Gleich nebenan steht das alte Reichstaggebäude. Ein monumentaler Sandstein-Palast aus dem späten 19. Jahrhundert. Etwas jünger und halb so gross wie unser Bundeshaus in Bern. Aber mit Einschusslöchern.

Und oben auf dem Flachdach dann diese grandiose, gläserne Kuppel. Wir schlendern bis ganz zuoberst hinauf. Über uns nur noch der blaue Himmel. Blauen Himmel können sie gut, die Berliner.

20. November 2012

Berlin: Parade und Parodie

Es war damals an einem kühlen Nachmittag im Oktober 89. Alte Männer standen am Strassenrand und grinsten versteinert. Es stank beissend nach Auspuff. Panzerketten knirschen über den Asphalt. Stramme Soldaten im Gleichschritt. Was war da bloss geschehen? Es waren die Feierlichkeiten zu „40 Jahre DDR“.

Erich Honecker, Dachdecker und Staatsratsvorsitzender, reimt damals euphorisch: «Vorwärts immer, rückwärts nimmer». Schon einen Monat später wussten alle – es kommt alles ganz anders.
Die Parade fand damals an der Karl-Marx-Allee statt. Einer viel zu breiten und pfeilgeraden Strasse in Ostberlin. Ursprünglich sollten solche Paraden eigentlich vor dem Palast der Republik stattfinden. Man fürchtete aber Schäden an der Glasfassade wegen der Erschütterungen durch die Panzer und so feierte man halt an der langweiligen Karl-Marx-Allee.
Und heute stehe ich nun genau da und blicke hinüber, wo damals die grauen Mannen standen. Jetzt ist da bloss noch gähnende Leere und trostlose Laaangeweile. Parodie statt Parade.

19. November 2012

Berlin: wir Schweizer und ihr Fernsehturm

Berlin ist flach wie eine Pfütze. Und das was die Eingeborenen als „Berge“ benennen, sind in Wirklichkeit bloss ein paar fladenförmige Hügel. Kaum dreimal so hoch wie die Hausdächer, also nix.
Diesem Umstand wollten einst die Ostberliner mit einem Turm begegnen. Einem hohen Fernsehturm – einem sehr, seeehr hohen.

Mit der Planung des Fernsehturms begann man bereits in den 1950-er Jahren. Die Form war bald gefunden: Ein runder Turm mit einer Kugel und einer Antenne obendrauf. Aber wo soll er zu stehen kommen?
Der Basler Architekten Hans Schmidt wusste Rat und schlug heutigen Standort vor. Perfekt; hier war der Fernsehturm von überall her gut zu sehen. Auch aus Westberlin!

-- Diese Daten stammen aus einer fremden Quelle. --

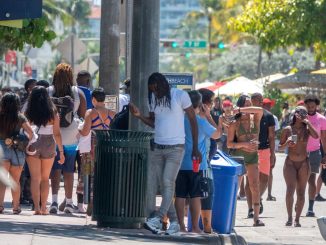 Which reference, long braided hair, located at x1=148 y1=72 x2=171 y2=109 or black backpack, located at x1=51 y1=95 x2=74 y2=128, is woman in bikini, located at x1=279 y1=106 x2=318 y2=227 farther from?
long braided hair, located at x1=148 y1=72 x2=171 y2=109

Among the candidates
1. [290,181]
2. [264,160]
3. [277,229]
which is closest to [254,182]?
[290,181]

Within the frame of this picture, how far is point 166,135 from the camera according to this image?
11891 mm

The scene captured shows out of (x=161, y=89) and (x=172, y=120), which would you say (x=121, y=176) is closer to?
(x=172, y=120)

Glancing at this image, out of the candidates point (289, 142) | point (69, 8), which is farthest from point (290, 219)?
point (69, 8)

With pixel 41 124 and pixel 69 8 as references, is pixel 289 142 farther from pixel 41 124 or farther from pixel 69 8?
pixel 69 8

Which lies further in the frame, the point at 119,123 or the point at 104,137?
the point at 119,123

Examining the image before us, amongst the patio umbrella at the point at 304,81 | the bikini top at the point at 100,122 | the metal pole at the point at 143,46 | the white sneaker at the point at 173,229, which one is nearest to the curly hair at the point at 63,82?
the bikini top at the point at 100,122

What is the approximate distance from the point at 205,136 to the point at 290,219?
3332 mm

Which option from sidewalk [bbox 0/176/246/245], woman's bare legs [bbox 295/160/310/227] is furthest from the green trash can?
woman's bare legs [bbox 295/160/310/227]

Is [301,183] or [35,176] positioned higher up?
[35,176]

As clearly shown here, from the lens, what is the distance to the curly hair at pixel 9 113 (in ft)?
44.9

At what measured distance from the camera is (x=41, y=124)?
13.9 m

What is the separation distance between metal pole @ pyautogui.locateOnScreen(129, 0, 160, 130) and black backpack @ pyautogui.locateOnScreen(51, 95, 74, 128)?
1.90 meters

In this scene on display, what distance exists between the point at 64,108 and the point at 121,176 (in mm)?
2593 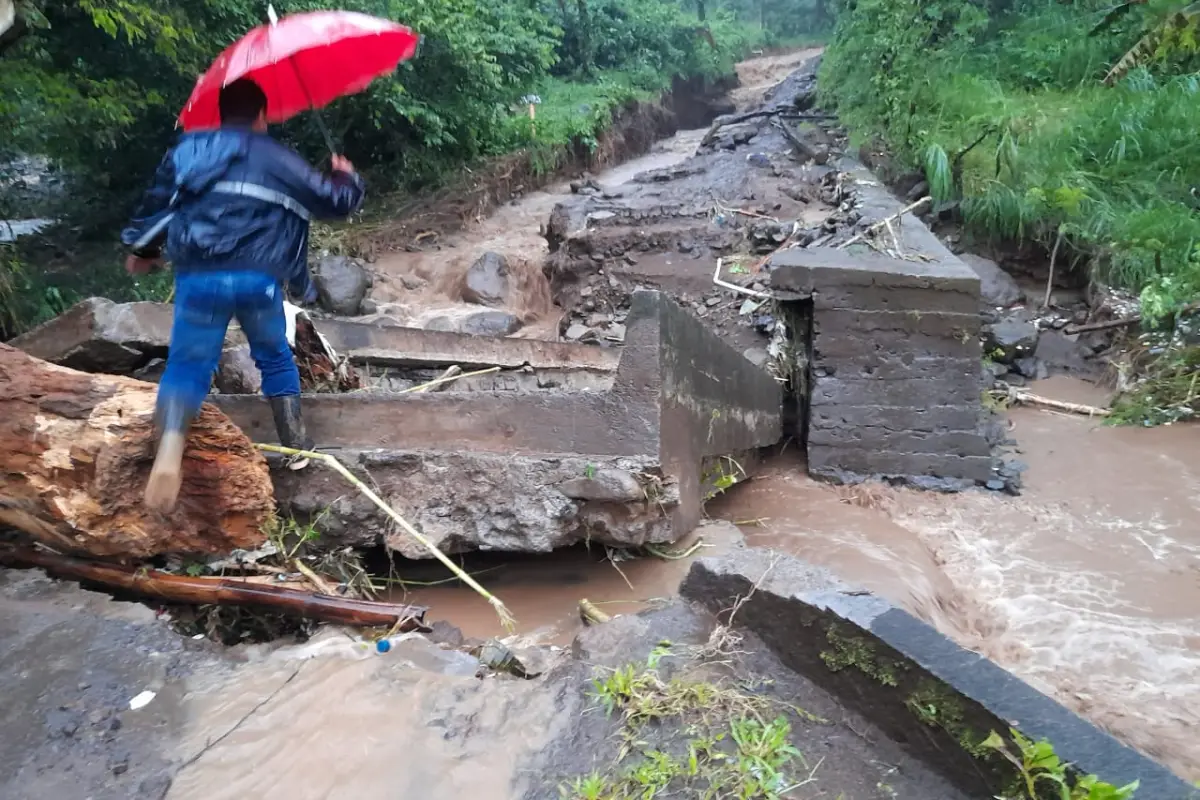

Und wegen diesem Schweizer steht der Turm nun da, wo er heute steht.

Das vorgeschlagene Areal war unbebaut. Also - seit dem der Krieg die Häuser zerstört hat. Eines der Grundstückgehört einer Schweizer Familie. Die betrieben hier seit mehreren Generationen das „Café Vicedomini“. Nun wurde das Grundstück für den neuen Fernsehturm benötigt - also enteignet.

Die Familie Vicedomini wollte eine Entschädigung für ihr Grundstück - Deutschland wollte aber nicht bezahlen. Die ganze Sache zog sich hin. Erst 2003 gab Deutschland nach und entschädigte die Erben in der Schweiz: Ganz genau 1‘797 Euro und 39 Cent erhielten sie für ihr Millionen-Grundstück im Herzen Berlins.

17. November 2012

Reisetipp: das Bettlergeld

Der Reisetipp am Samstag: Fast in allen Reiseländern trifft man auf Bettler. Ob man ihnen was gibt oder nicht, muss jeder für sich selber entscheiden. Wenn ja, dann ist es aber eher ungeschickt, wenn man vor seinen Augen in seinem Bargeld nach der kleinsten Münze wühlt.
Ich habe darum meine "Bettlermünzen" immer in der rechten Hosentasche. In der linken ist dann das richtige Geld. Ein Griff - und ich habe eine passende Spende.